“On The Smugglers’ Radar” is a feature for books that have caught our eye: books we have heard of via other bloggers, directly from publishers, and/or from our regular incursions into the Amazon jungle. Thus, the Smugglers’ Radar was born. Because we want far more books than we can possibly buy or review (what else is new?), we thought we would make the Smugglers’ Radar into a weekly feature – so YOU can tell us which books you have on your radar as well!
On Ana’s Radar:
The Story of Owen: Dragon Slayer of Trondheim by E. K. Johnston was a slow burner of a read and it has become – upon reflection – one of my favourite reads of the year. Needless to say, I can not wait for the sequel:
Listen! For the song of Owen Thorskard has a second verse.
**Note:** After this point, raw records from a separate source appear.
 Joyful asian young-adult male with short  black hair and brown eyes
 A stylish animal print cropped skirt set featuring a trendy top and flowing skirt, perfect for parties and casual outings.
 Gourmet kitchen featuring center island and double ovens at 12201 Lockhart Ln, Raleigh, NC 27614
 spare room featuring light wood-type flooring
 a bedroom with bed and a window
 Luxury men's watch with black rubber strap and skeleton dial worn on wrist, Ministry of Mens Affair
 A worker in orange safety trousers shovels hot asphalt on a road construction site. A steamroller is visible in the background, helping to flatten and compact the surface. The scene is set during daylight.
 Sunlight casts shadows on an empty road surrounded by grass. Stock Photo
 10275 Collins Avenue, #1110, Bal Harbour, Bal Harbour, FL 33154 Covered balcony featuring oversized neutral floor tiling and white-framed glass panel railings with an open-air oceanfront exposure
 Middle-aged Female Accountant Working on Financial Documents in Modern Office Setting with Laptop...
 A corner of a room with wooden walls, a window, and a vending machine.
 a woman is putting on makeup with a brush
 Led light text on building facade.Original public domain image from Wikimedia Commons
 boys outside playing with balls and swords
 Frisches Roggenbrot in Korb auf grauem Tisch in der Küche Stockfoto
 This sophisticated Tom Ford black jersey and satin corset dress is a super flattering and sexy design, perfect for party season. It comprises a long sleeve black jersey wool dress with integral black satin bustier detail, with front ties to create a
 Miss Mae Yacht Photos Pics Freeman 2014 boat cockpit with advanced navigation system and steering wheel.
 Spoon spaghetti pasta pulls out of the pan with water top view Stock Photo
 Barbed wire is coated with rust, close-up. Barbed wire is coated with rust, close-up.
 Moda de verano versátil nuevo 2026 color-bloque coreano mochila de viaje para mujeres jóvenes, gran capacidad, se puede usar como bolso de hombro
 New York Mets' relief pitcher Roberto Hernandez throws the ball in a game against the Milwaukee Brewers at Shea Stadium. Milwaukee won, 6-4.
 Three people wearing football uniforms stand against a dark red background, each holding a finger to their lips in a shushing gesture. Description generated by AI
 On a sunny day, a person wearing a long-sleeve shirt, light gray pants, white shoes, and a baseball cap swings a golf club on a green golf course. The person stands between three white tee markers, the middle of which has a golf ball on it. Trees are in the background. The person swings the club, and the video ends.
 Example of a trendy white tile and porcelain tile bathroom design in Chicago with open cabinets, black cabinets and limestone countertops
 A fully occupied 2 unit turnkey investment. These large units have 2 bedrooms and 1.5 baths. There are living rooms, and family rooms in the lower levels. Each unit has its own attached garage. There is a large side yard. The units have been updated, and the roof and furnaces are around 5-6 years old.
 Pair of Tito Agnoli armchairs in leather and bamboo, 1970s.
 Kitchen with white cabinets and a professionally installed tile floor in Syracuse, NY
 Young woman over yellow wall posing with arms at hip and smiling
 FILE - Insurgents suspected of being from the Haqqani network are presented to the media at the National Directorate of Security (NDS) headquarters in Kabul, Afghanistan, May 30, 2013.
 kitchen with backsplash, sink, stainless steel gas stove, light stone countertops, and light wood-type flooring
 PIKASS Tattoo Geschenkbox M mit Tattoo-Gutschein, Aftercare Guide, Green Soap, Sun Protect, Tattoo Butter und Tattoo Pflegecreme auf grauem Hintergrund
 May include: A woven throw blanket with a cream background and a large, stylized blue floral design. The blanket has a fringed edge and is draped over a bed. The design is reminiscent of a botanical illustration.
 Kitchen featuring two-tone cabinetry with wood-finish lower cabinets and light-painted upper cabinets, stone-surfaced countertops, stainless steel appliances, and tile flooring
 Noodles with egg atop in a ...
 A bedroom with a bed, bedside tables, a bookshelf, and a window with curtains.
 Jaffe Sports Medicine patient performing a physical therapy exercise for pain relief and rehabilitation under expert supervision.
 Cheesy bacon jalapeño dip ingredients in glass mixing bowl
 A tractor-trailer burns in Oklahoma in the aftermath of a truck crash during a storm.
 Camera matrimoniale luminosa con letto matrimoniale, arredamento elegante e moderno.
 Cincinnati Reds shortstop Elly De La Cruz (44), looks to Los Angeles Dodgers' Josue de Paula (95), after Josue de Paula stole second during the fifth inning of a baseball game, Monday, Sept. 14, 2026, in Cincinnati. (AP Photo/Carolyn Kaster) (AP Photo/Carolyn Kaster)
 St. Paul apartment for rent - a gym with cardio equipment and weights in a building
Every dragon slayer owes the Oil Watch a period of service, and young Owen was no exception. What made him different was that he did not enlist alone. His two closest friends stood with him shoulder to shoulder. Steeled by success and hope, the three were confident in their plan. And though Siobhan McQuaid was the first bard in a generation, she managed to forge a role for herself and herald Owen as a new kind of dragon slayer for a new kind of future.
But the arc of history is long and hardened by dragon fire. Try as they might, Owen and his friends could not twist it to their will. Not all the way. Not all together.
Listen! I am Siobhan McQuaid. I know the cost of even a small bend in the course of history. Listen!
I saw this title on Edelweiss and I am really looking forward to it. Although: “Neil Gaiman’s Stardust meets John Green’s The Fault in Our Stars”, what is even that?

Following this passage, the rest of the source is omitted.